Thanks to all for suggestions & ideas
 

Colin

Active Member
A 25 watt lamp is really 100 watt load. The poster does not know what he is talking about. A very dangerous suggestion.
But, then again, he IS an electronics expert.
 
Last edited:

Colin

Active Member
The comment should have been 100 watt load. The spell-check change the word.

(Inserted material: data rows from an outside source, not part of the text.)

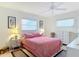 Bedroom with double bed, ceiling fan, and white dresser at 200 Park N Blvd # 103, Venice, FL 34285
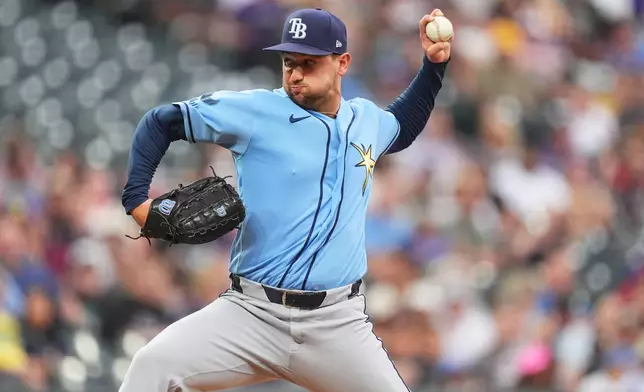Tampa Bay Rays starting pitcher Ian Seymour works against the Colorado Rockies in the first inning of a baseball game Monday, Aug. 3, 2026, in Denver. (AP Photo/David Zalubowski)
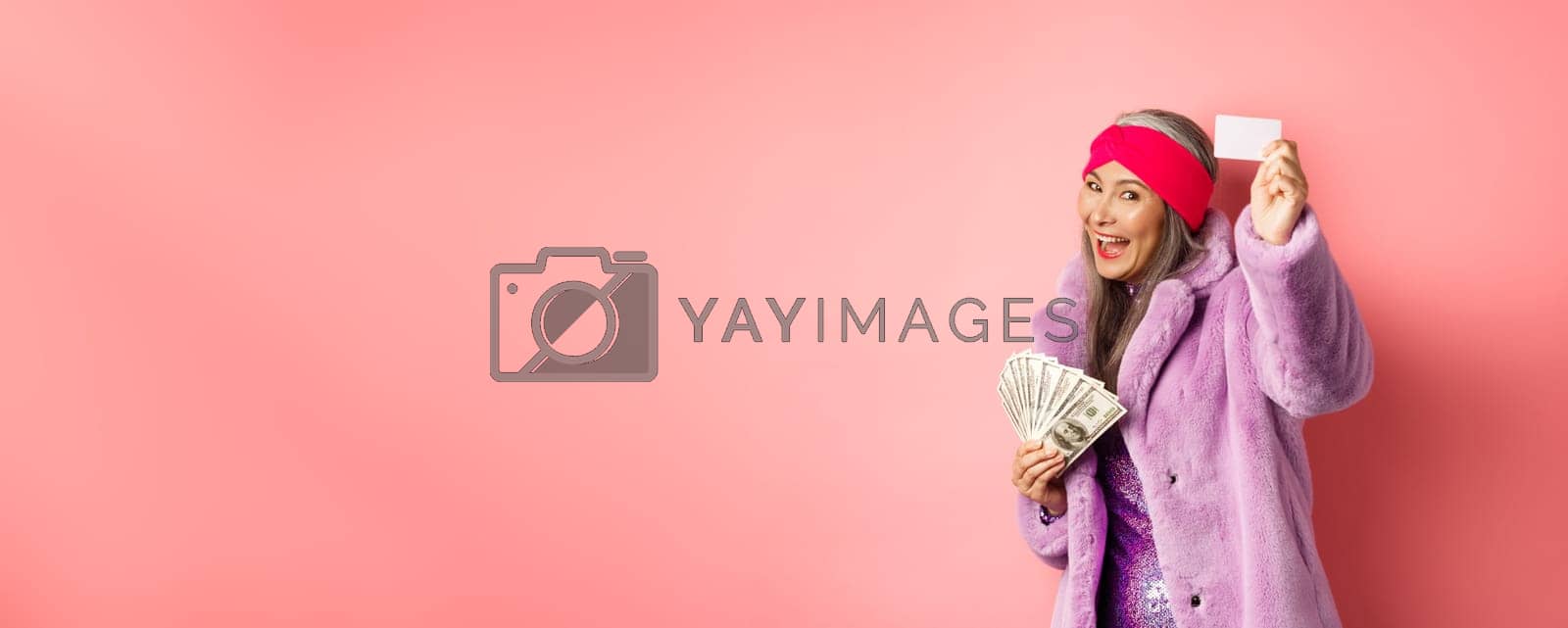 Royalty free image of Shopping and fashion concept. Fashionable funky asian woman showing plastic credit card, paying contactless, holding money in other hand, pink background by Benzoix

The resistance of a lamp is only one sixth of its final resistance and thus a 25watt lamp will "ask-for" the equivalent of 100 watt load when it is starting to illuminate and this is enough to either damage the driver transistor or completely fail to get any response at all.
NEVER use a lamp as a piece of test equipment in an electronic circuit unless you have enormous driving capability.
 

Nigel Goodwin

Super Moderator
Most Helpful Member
A 25 watt lamp is really 100 watt load. The poster does not know what he is talking about. A very dangerous suggestion.
But, then again, he IS an electronics expert.
I think we all know who doesn't have a clue round here :D - an incandescent lamp is an excellent dummy load for a huge number of purposes, and this application is one it's excellent for.

As you don't have a clue what you're on about, and obviously didn't even bother reading the thread, why bother posting at all?.
 

be80be

Well-Known Member
My mind hurts LOL never hurt nothing using a lamp as dummy load in my life even works to see if a CB is outputting power

Here one on a transmitter

Here is a nice setup
 

Colin

Active Member
Someone pointed out:
I doubt the control circuitry is designed to supply more than 100 mA or so, and if you overload it you may damage what was a good board.
So, if you think a lamp will take 100mA when illuminated, it will require 500mA to start to turn ON. So, this is the point I am making.
 

Nigel Goodwin

Super Moderator
Most Helpful Member
Someone pointed out:
I doubt the control circuitry is designed to supply more than 100 mA or so, and if you overload it you may damage what was a good board.
So, if you think a lamp will take 100mA when illuminated, it will require 500mA to start to turn ON. So, this is the point I am making.
So why do imagine a triac feeding a solenoid valve is only capable of feeding 100mA?, and even assuming it was, that's the continuous current - try looking up the surge ratings of triacs.
 

be80be

Well-Known Member
Most dishwasher solenoid valves are only less then 10 watt's so use a 10 watt bulb but a 25 is not going to hurt it
that's only a 104.167 mA load.
I'm sure the triac or relay, They use lot's of relay's to on dishwasher boards too so I'm sure it handle a Amp or 3

Like Nigel Goodwin said it's a good test I use it all the time too but yes you got use your head and
not put a 500 watt bulb use a small one I have used 7 watt 25 , 50 , 100 something close to what i'm checking.